Questa liberazione non è solo una “libertà da…” ma anche una “libertà per…” in vista cioè di una vita nuova. E Paolo vive questa esperienza di salvezza come occasione per poter continuare a viverla e a riviverla nella forma dell’annuncio. Si universalizza così nella vicenda di Gesù la storia ebraica, il dono di quella liberazione data ad un popolo particolare nell’Esodo ora diventa invece di tutti! Nella lettera ai Colossesi si può percepire la passione di Paolo che proclama la bellezza di poter ‘universalizzare’ questa speranza: «26 il mistero che, nascosto ai secoli eterni e alle generazioni passate, ora è svelato ai suoi santi. 27 A questi Dio volle far conoscere quale fosse la splendida ricchezza di questo mistero tra i gentili: Cristo in noi, la speranza della gloria” (Col 1).
Il Dio invisibile (e infatti l’AT ha sempre difeso l’idea che Dio non poteva essere visto, senza che l’uomo morisse) resta mistero ma non è inconoscibile. Non lo era prima di Gesù e lo è tanto meno dopo di lui, perché Gesù nella sua vita, morte e risurrezione ce ne offre l’immagine, una rivelazione già piena (Gesù come immagine di questo Dio invisibile/ εἰκὼν τοῦ θεοῦ τοῦ ἀοράτου: la sua azione di re è proprio svolta in questo servizio di rivelare Dio come unico sovrano e giudice della vita del fedele, giudice misericordioso, pietoso e lento all’ira, come già Es 34,6ss raccontava).
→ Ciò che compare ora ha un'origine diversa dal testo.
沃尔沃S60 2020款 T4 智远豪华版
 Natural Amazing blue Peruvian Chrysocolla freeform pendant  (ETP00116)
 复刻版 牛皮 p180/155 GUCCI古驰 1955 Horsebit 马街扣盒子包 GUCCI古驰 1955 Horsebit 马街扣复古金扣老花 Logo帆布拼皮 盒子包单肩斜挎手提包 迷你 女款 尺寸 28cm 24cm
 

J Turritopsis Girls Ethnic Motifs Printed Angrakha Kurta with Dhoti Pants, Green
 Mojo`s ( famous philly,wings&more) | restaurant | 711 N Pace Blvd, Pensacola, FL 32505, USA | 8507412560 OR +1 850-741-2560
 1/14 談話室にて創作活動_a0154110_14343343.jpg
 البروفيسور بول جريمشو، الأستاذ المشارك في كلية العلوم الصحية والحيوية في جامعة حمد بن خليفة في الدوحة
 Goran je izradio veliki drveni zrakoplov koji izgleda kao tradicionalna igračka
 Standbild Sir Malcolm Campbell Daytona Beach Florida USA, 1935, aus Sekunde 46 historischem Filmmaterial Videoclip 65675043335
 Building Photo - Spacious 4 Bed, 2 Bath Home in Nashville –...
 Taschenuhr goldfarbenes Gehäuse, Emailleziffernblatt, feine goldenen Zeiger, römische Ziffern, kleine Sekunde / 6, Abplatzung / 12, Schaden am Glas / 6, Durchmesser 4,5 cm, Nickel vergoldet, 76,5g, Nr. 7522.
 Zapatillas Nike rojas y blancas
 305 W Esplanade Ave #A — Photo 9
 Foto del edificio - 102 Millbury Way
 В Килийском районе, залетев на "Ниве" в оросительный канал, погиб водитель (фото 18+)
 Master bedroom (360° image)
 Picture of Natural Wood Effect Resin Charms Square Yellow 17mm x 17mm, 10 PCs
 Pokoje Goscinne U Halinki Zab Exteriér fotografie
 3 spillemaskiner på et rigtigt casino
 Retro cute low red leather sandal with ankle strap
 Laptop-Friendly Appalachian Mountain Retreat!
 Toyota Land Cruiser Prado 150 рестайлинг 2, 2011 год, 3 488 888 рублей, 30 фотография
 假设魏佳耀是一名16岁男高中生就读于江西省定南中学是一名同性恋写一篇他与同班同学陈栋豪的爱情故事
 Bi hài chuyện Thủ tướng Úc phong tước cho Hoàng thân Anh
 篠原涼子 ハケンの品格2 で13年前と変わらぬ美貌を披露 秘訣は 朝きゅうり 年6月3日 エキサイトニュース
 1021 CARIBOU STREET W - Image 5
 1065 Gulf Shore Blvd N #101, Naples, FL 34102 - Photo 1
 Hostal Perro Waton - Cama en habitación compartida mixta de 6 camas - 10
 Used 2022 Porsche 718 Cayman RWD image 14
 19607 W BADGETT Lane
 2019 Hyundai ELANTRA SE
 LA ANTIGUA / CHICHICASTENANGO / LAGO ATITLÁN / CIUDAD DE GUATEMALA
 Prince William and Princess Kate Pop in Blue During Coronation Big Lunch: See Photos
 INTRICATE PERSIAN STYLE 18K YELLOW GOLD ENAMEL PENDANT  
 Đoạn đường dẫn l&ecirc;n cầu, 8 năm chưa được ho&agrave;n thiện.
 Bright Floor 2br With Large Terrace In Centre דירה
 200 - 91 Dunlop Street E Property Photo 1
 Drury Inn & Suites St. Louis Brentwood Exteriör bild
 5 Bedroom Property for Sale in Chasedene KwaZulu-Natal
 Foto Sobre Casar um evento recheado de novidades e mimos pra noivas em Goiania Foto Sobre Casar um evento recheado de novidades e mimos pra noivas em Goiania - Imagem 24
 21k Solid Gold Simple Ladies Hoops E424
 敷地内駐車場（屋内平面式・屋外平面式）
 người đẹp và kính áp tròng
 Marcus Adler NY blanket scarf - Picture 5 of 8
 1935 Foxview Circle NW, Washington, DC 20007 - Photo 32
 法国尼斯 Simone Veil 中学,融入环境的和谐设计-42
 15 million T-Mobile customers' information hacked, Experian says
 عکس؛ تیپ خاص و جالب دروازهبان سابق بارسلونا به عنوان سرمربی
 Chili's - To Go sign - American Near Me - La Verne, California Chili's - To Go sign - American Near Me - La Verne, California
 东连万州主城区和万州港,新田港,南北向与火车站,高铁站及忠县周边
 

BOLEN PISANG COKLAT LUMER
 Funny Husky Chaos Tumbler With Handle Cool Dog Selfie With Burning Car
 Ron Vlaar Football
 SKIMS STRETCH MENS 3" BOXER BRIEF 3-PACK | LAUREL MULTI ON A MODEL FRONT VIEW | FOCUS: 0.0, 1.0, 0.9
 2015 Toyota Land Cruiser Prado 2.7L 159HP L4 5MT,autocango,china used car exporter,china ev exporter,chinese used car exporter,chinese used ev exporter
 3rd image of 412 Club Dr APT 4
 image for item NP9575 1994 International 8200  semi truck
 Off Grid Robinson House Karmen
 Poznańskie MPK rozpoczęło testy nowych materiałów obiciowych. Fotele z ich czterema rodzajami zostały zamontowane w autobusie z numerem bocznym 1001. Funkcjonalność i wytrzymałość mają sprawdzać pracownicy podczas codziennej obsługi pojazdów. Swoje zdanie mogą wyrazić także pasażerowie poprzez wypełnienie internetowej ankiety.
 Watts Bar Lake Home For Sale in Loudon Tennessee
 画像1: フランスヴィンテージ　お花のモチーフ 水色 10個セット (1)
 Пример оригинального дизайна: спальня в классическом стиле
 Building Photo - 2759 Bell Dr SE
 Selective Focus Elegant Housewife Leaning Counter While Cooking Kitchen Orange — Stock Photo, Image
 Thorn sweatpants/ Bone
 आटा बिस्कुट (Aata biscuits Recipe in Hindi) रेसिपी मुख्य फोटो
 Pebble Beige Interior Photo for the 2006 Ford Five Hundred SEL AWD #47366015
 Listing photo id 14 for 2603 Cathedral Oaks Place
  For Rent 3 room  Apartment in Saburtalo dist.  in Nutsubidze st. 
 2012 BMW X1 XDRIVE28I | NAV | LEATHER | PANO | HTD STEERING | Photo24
1Come purtroppo invece si è spesso verificato. Con Geroboamo per esempio (7 Va’ a riferire a Geroboamo: “Così dice il Signore Dio d’ Israele: Io ti ho innalzato di mezzo al popolo e ti ho costituito capo sul mio popolo Israele; 8 ho strappato il regno dalla casa di Davide e l’ ho dato a te, ma tu non sei stato come il mio servo Davide che ha custodito i miei precetti e mi ha seguito con tutto il cuore, facendo solo ciò che è retto ai miei occhi; 1 Re 14,7-8). O come più chiaramente riporta 1 Sam 8,11-16 che critica la monarchia in maniera radicale fin dalla sua istituzione: sarebbe una forma depravata, che sconfessa Dio, ma alla quale il Signore cede perché Israele ormai si è troppo assuefatto ai popoli vicini da volere anche lui una tale guida (da considerarsi comunque però una condanna).
2 L’aggiunta di ‘apo-’ è un gusto per il greco comune (koiné) che amava le parole con i composti piuttosto che la forma semplice.